■ Exercise brief: Among the lines of the listing below, retype exactly those from the one containing "an illustration a case of syncretic match 1" through the one containing "Décomposition des Charges", both included. Do not include pictures.

■ Input records:
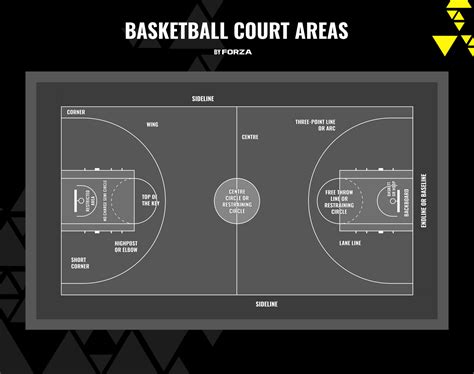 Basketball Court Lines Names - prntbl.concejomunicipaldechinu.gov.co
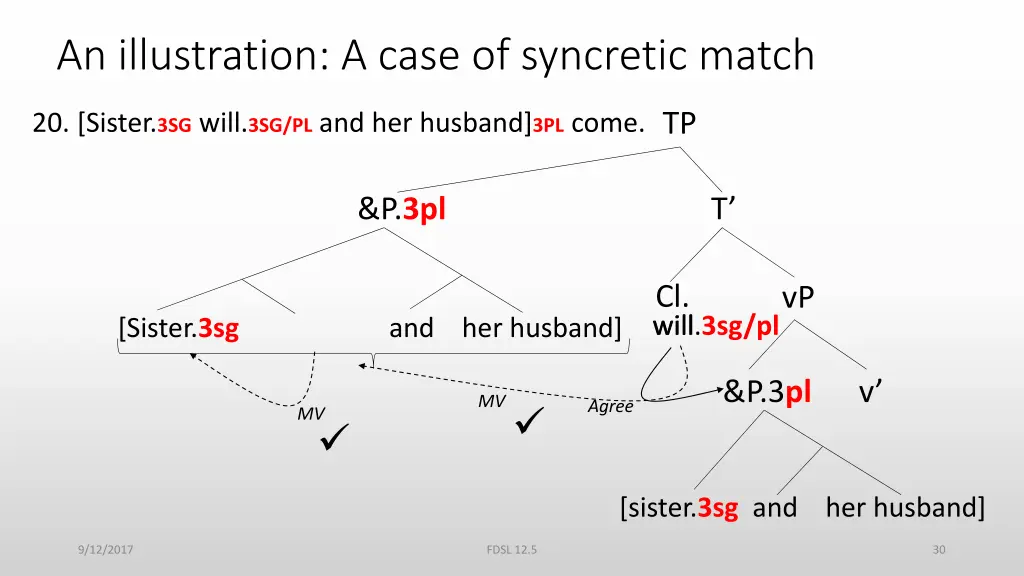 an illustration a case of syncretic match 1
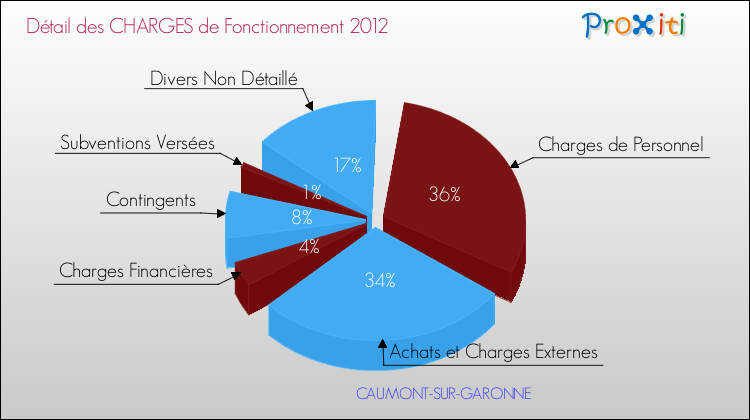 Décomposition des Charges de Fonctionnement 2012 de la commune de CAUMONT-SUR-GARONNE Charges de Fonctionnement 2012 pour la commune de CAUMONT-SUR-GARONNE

...

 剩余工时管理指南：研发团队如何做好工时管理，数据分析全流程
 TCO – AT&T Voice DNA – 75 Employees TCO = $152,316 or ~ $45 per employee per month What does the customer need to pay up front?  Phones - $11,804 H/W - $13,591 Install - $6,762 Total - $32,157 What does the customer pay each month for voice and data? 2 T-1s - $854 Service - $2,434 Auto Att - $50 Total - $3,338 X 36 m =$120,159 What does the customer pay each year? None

■ Written solution:
 an illustration a case of syncretic match 1
 Décomposition des Charges de Fonctionnement 2012 de la commune de CAUMONT-SUR-GARONNE Charges de Fonctionnement 2012 pour la commune de CAUMONT-SUR-GARONNE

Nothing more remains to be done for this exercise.